El gobierno, no la industria, capta a los mayores talentos, pero al mismo tiempo los limita por doble vía: los procedimientos y reglas que inhiben la innovación y la subordinación a los puestos políticos, cuya lógica de permanencia es electoral. Como mi trabajo de alto directivo gubernamental depende de los votos (y no de los resultados de gestión, para lo que muchas veces ni siquiera existen indicadores), debo hacer acciones que pueda vender en el mercado electoral, frente a los esfuerzos que requieren tiempo o saber técnico. Por eso los gobiernos están llenos de gesticuladores.

«El gobierno, no la industria, capta a los mayores talentos, pero al mismo tiempo los limita»

El mercado electoral español solía tener una doble salvaguarda. Dejar los rituales del poder en manos de la neutralidad monárquica (asunto no menor de pedagogía democrática con la paradoja insalvable de afincarse en la menos democrática de las instituciones: la de la herencia familiar) y los grandes asuntos de Estado en el consenso constitucional de los dos partidos mayoritarios (primero UCD-PSOE; PSOE-PP después). Este consenso fue respetado por Suárez, Calvo Sotelo, González, Aznar y Rajoy, aunque en las trincheras mediáticas y políticas decirlo sea anatema. El consenso tenía una salvedad: el apoyo de los nacionalistas periféricos gracias a la ley electoral, que privilegia la concentración del voto local frente al dispersión del voto nacional. Salvedad no menor, pero tolerable por un tiempo. Esa concesión se volvió problemática cuando el nivel de competencias transferido y de privilegios alcanzados llegó a un punto crítico, a partir del cual otorgar más competencias implicaba inevitablemente romper la igualdad entre los ciudadanos, imperativo moral y legal que debería ser infranqueable. 

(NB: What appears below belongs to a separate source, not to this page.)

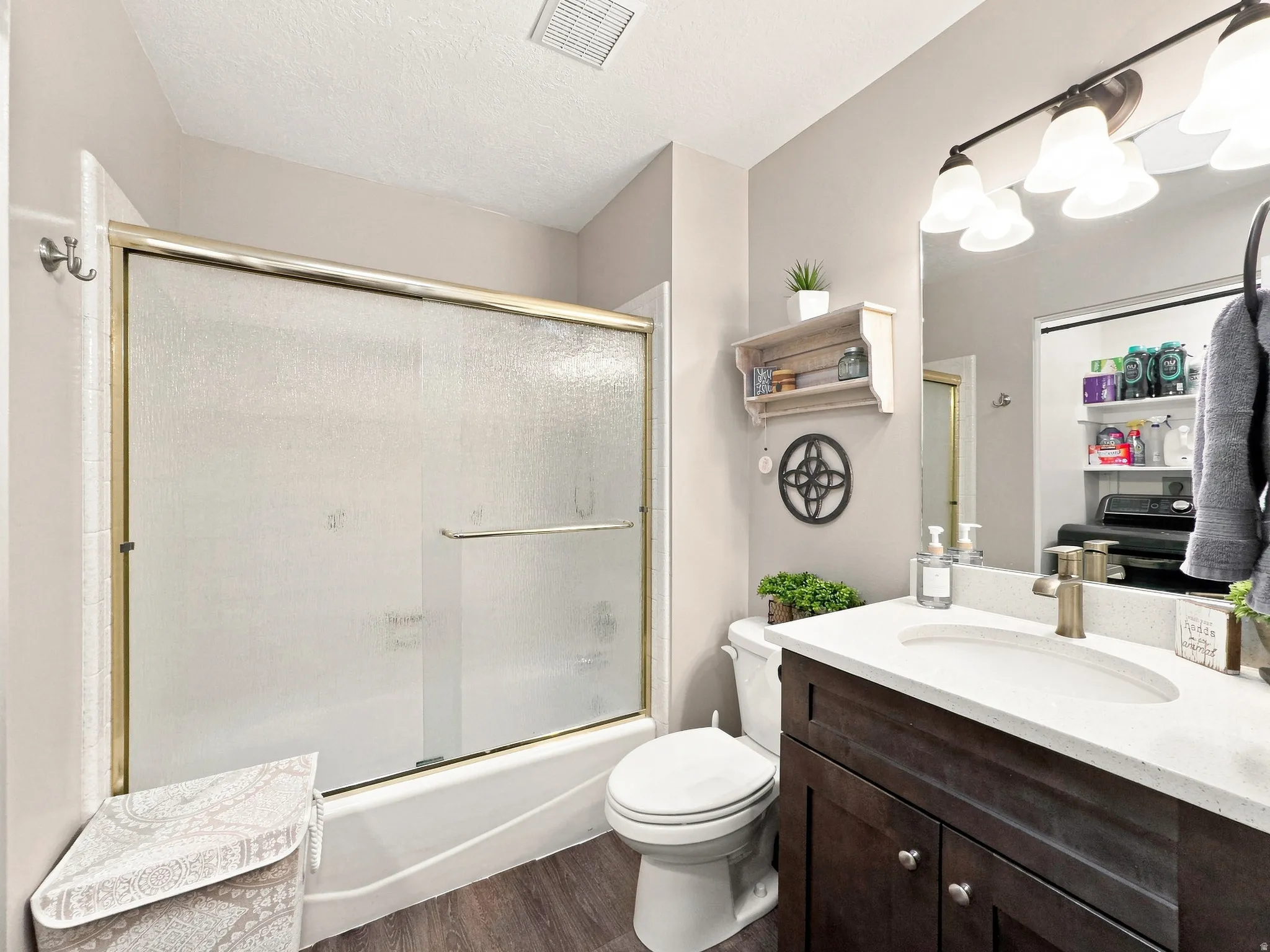 Full Bathroom Upstairs: New Cabinets, Quarts, New Lights, Toilet and Plumbing Fixtures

En la lista de presidentes de consenso faltan dos, ambos socialistas. Con Zapatero, la ruptura del consenso vino desde dentro de su gobierno, al satanizar la alternancia de centro-derecha y al tomar decisiones partidistas en temas que antes habían sido por acuerdo tácito o explícito: la lucha antiterrorista, la legislación laboral, las alianzas internacionales, la estabilidad de las variables macroeconómicas, el avispero de la memoria sobre la guerra civil o los cambios legales del entramado autonómico, pactados solo con los nacionalistas. Con Pedro Sánchez, la ruptura de consenso se ha hecho aún más grave, si cabe, ya que el pacto es con los partidos radicales y minoritarios que soportan a un gobierno en minoría. 

En la oferta electoral los partidos minoritarios exacerban artificialmente las diferencias, frente a una mayoría que habita cómodamente en el centro sociológico, para mantener el apoyo de sus fieles, el aplauso y voto acrítico de su coto electoral, al saber que la mayoría social es inalcanzable, pero su voto parlamentario podría ser indispensable. Buscan clientes de nicho altamente rentables. Así, sin quererlo, la sociedad queda cautiva de sus radicales, tanto en la izquierda (Podemos frente al PSOE), como en el seno de los nacionalismos periféricos (Bildu frente al PNV, Esquerra frente a los que fue Convergencia) como en la derecha (Vox frente al PP). Gesticuladores aún mas estridentes y ridículos. Los partidos que nacieron para corregir este esquema con una agenda de renovación democrática, reformismo y consenso constitucional (primero UPyD y ahora Ciudadanos) se han derrumbado y no son relevantes ni, por lo tanto, herramientas útiles. A escala autonómica este esquema de gesticulación y radicalismo se repite, pero con espejos deformantes que harían las delicias de Valle-Inclán.

La solución es fácil e imposible a la vez: iniciativa privada como impulso social y, ahora que se abre el ciclo electoral, voto crítico, no partidista, a escala local, autonómica y estatal por los candidatos que menos gesticulen. ¿Y eso cómo se mide? Basta mirar una sola cosa: cómo se refieren a sus adversarios políticos.